Voor zover in de tenlastelegging taal- en/of schrijffouten voorkomen, zal het hof deze verbeterd lezen. De verdachte wordt daardoor niet in de verdediging geschaad.
Vonnis waarvan beroep
Het vonnis waarvan beroep zal worden vernietigd, omdat het hof tot andere beslissingen en overwegingen komt dan de rechtbank.
Bewijsoverwegingen feit 1 en feit 2
Het standpunt van het openbaar ministerie
De advocaat-generaal heeft gerekwireerd tot bewezenverklaring van het onder 1 primair en 2 primair ten laste gelegde. Hij heeft daartoe aangevoerd dat de verdachte met kracht een glazen fles heeft gegooid in de richting van een persoon in een ruimte waar veel personen aanwezig waren. De verdachte heeft met zijn handelen willens en wetens de aanmerkelijke kans aanvaard dat een ander zou worden geraakt én letsel zou oplopen. Met betrekking tot aangever [slachtoffer 1] is sprake van zwaar lichamelijk letsel. Een litteken in het gezicht valt onder zwaar lichamelijk letsel. Gelet op het letsel aan de handen van de verdachte was de fles al stuk toen de verdachte deze gooide.

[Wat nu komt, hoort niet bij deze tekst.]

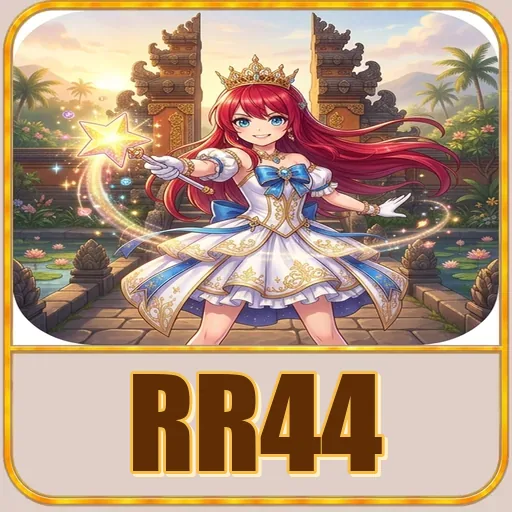 Perbandingan Fortune Tiger, Fortune Ox, dan Fortune Rabbit di rr44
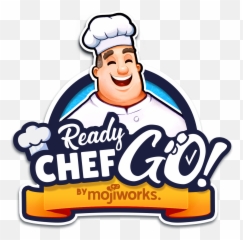 The Nice Thing About Snap Games Is That It Was Monetisable Emoji,Smiling Emoji Snapchat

Het standpunt van de verdediging
De raadsvrouw heeft ter terechtzitting in hoger beroep integrale vrijspraak bepleit. Zij heeft daartoe, kort samengevat, het volgende aangevoerd. De verdachte heeft niet het (voorwaardelijk) opzet gehad om [slachtoffer 1] en [slachtoffer 2] zwaar lichamelijk letsel toe te brengen. Evenmin heeft hij (voorwaardelijk) opzet gehad om [slachtoffer 1] of [slachtoffer 2] pijn of letsel toe te brengen. De verdachte wilde zijn belager, niet zijnde [slachtoffer 1] of [slachtoffer 2], van zich afhouden. Voorts kunnen de verwondingen aan de hand van [slachtoffer 2] niet worden gekwalificeerd als zwaar lichamelijk letsel, aangezien er geen blijvend letsel zal zijn.
Het oordeel van het hof
Het hof gaat uit van de volgende feiten en omstandigheden.
Op 27 april 2016 omstreeks 02:30 uur stonden [slachtoffer 1] en [slachtoffer 2] naast elkaar bij een trap in club [club] te Amsterdam. De verdachte stond op enkele meters afstand van beiden op een kleine verhoging, een podiumpje/opstapje, onderaan de trap. Op enig moment had hij een fles in zijn handen die hij bij de hals vasthield als een soort knuppel en gooide deze met kracht in de richting van [slachtoffer 1]. De fles kwam vol in de kaaklijn en hals van [slachtoffer 1]. [slachtoffer 1] heeft hierdoor zware verwondingen opgelopen: een grote snee in zijn wang, een beschadigde oorschelp en een snee in zijn hals. [slachtoffer 2] is ook door deze fles geraakt toen hij deze af wilde weren om te voorkomen dat [slachtoffer 1] geraakt werd. [slachtoffer 2] heeft daarbij snijwonden opgelopen, waaronder een diepe snijwond tussen wijsvinger en duim.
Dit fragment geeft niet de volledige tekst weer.